Setelah berpisah dengan suami pertamanya , Cut Mutia menikah lagi dengan Teuku Chik Muhammad, atau dikenal sebagai Teuku Chik Tunong. Suminya ini adalah saudara dari Teuku Syamsarif, yang merupakan suaminya terdahulu.
Rupanya gayung bersambut. Cut Mutia seolah menemukan belahan jiwanya. Suami kedua Cut Mutia juga sama gigihnya untuk melawan Belanda. Cinta mereka bertaut karena sama-sama ingin menumpas Belanda di bumi Aceh.
Bersama mereka merajut cinta ditengah-tengah peperangan dan penyerangan. Untuk memulai taktik gerilyanya, Cut Mutia diboyong sang suami untuk naik gunung. Awal mula perlawanan mereka dimulai pada tahun 1901. Sejarah mencatat bahwa Perlawanan dipimpin oleh suami Cut Mutia ini adalah perang Aceh ke empat. Yaitu perang gerilya.
Perlawanan ini juga untuk membantu Sultan Alaiddin Muhammad Daud Syah , yang melawan Belanda hingga ke pelosok-pelosok daerah. Karena pada waktu itu pasukan maréchaussée yg dipimpin oleh Hans Christoffel dengan pasukan Colone Macan yg telah mampu & menguasai pegunungan-pegunungan, hutan-hutan rimba raya Aceh untuk mencari & mengejar gerilyawan-gerilyawan Aceh.
Perang sengit terjadi antara pasukan yang dipimpin Teuku Chik Tunong dan pasukan Belanda. Perang berlangsung dari bulan Juni hingga Agustus 1902. Perang ini mengajukan mereka untuk masuk ke hutan rimba dan pegunungan. Sebab taktik Belanda adalah menangkap keluarga para gerilyawan. Termasuk menangkap keluarga Sultan Alaiddin Muhammad Daud Syah.
Keluarga sultan ditangkap dan diculik. Ini mengakibatkan Sultan Alaiddin Muhammad Daud Syah menyerah kepada Belanda Pada tanggal 5 Januari 1903. Ini menyebabkan Sultan harus turun gunung, dan menyerah di Lhokseumawe.
Teuku Tunong dan Cut Meutia kemudian berpindah-pindah tempat. Awalnya wilayah Keureutoe namun pindah ke wilayah Panton Labu.

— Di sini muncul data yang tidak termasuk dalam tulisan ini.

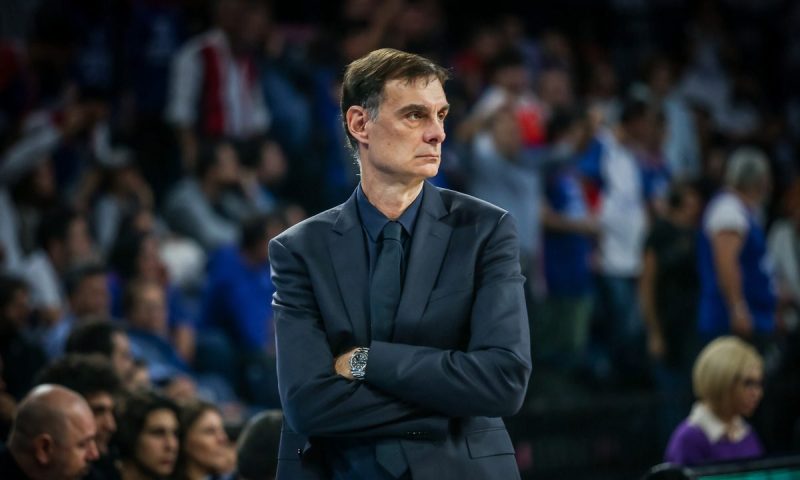 Γιατί απορρίπτει τον Τζέιμς ο Μπαρτζώκας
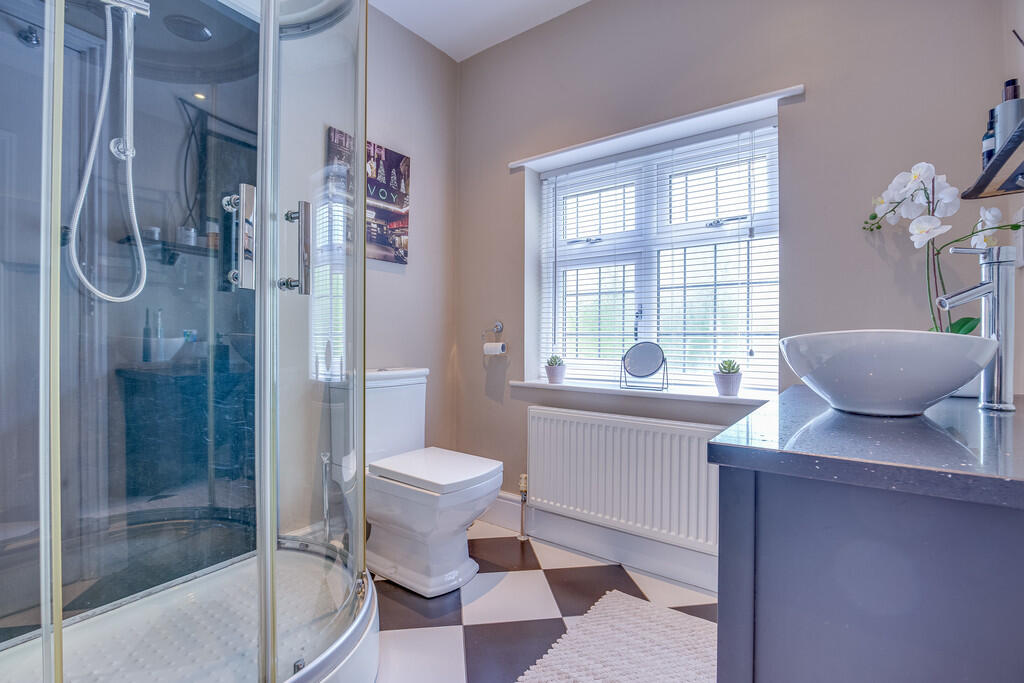 Ensuite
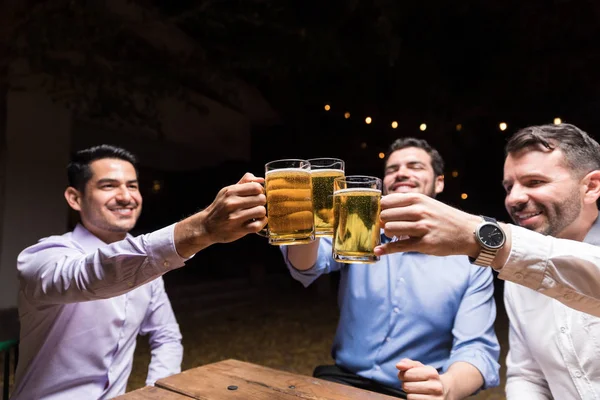 Friends Beer Glasses Spending Leisure Time Weekend Party — Stock Photo, Image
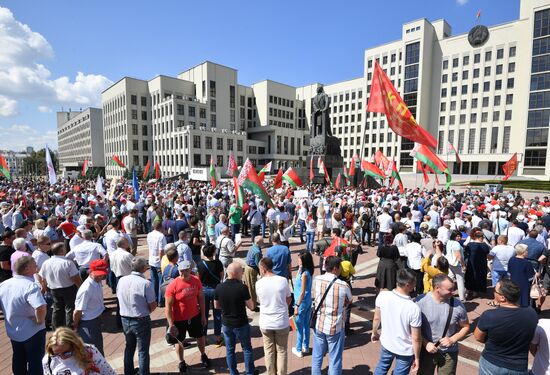 Belarus Lukashenko Supporters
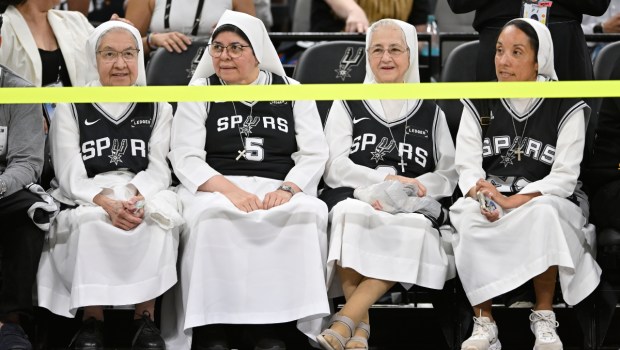 Nuns San Antonio Spurs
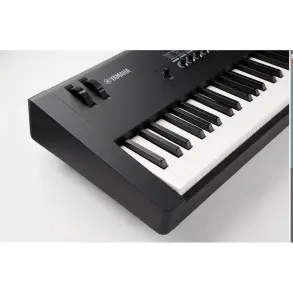 Sintetizador Yamaha MX88 7 Octavas Motor Sonido Motif XS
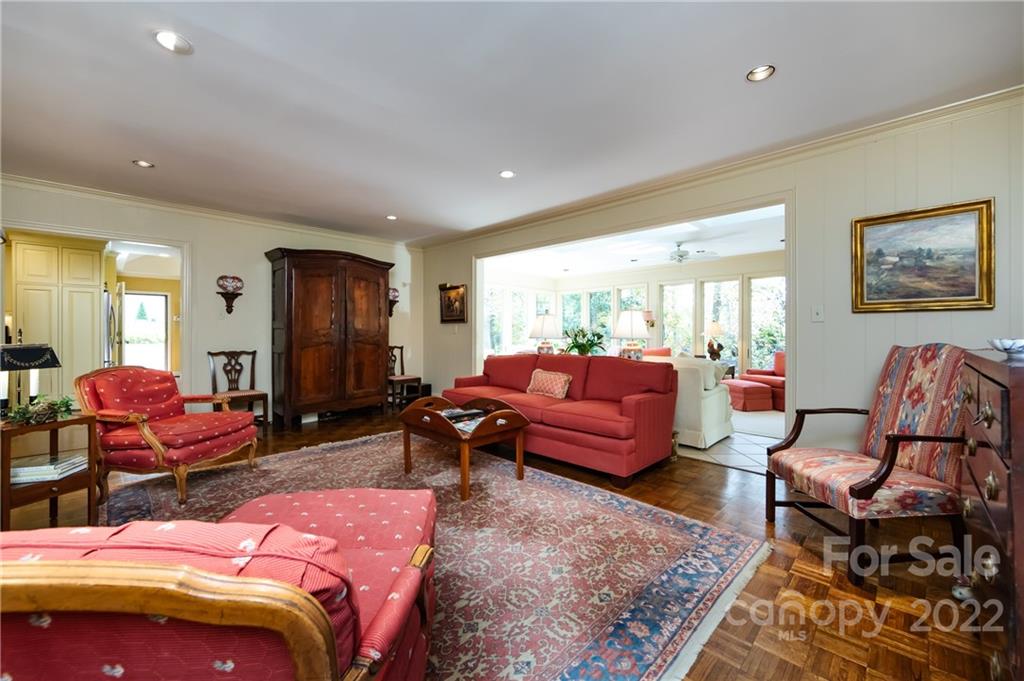 2106 Pinewood Circle Charlotte NC 28211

Namun karena insiden di daerah Meunasah Meurandeh Paya membuat suami Cut Meutia, ditangkap Belanda karena diduga terlibat dalam pembunuhan pasukan Belanda. Suaminya dieksekusi dengan cara ditembak mati di tepi pantai Lhokseumawe.
Sebelum meninggal suami Cut Mutia berwasiat kepada Pang Nangroe, agar menikahi Cut Mutia dan menjaga satu-satunya Anak mereka, yaitu Teuku Raja Sabi. Karena wasiat inilah Cut Mutia bersedia menikahi Pang Nangroe. Berdua tetep melanjutkan perlawanan dengan bergerilya ke gunung dan hutan.
Pada Tahun 1907 Cut Mutia dan suaminya Pang Nangroe, makin masif menyerang Belanda. Mereka menyerang pos pertahanan Belanda. Serta menguasai para pekerja kereta api. Hal yang sama mereka lakukan di wilayah Keude Bawang. Mereka juga menguasai jalur logistik dan kereta api. Ini membuat Belanda kualahan dalam menghadapi perlawanan Cut Mutia dan suaminya Pang Nangroe. Namun pada bulan september 1910, Pang Nangroe gugur setelah terkena tembakan dari Belanda di wilayah Paya Cicem
Hanya berselang 1 bulan setelah suaminya gugur, Belanda melakukan pengejaran intensi terhadap Cut Mutia. Namun tanggal 24 oktober 1910 di daerah Alue Kurieng, Pasukan Belanda pertempuran sengit terjadi antara pasukan yang dipimpin oleh Cut Meutia dan pasukan Belanda. Dalam pertempuran itu Cut Meutia akhirnya gugur di Medan pertempuran.
Mutiara yang elok dan indah itu, itu akhirnya menemui batas perjuangannya. Dia bersinar disetiap Medan pertempuran. Mutiara yang tak pernah rapuh disetiap episode hidupnya. Jati dirinya sebagai muslimah, menjadi sosok teladan bagi bangsa.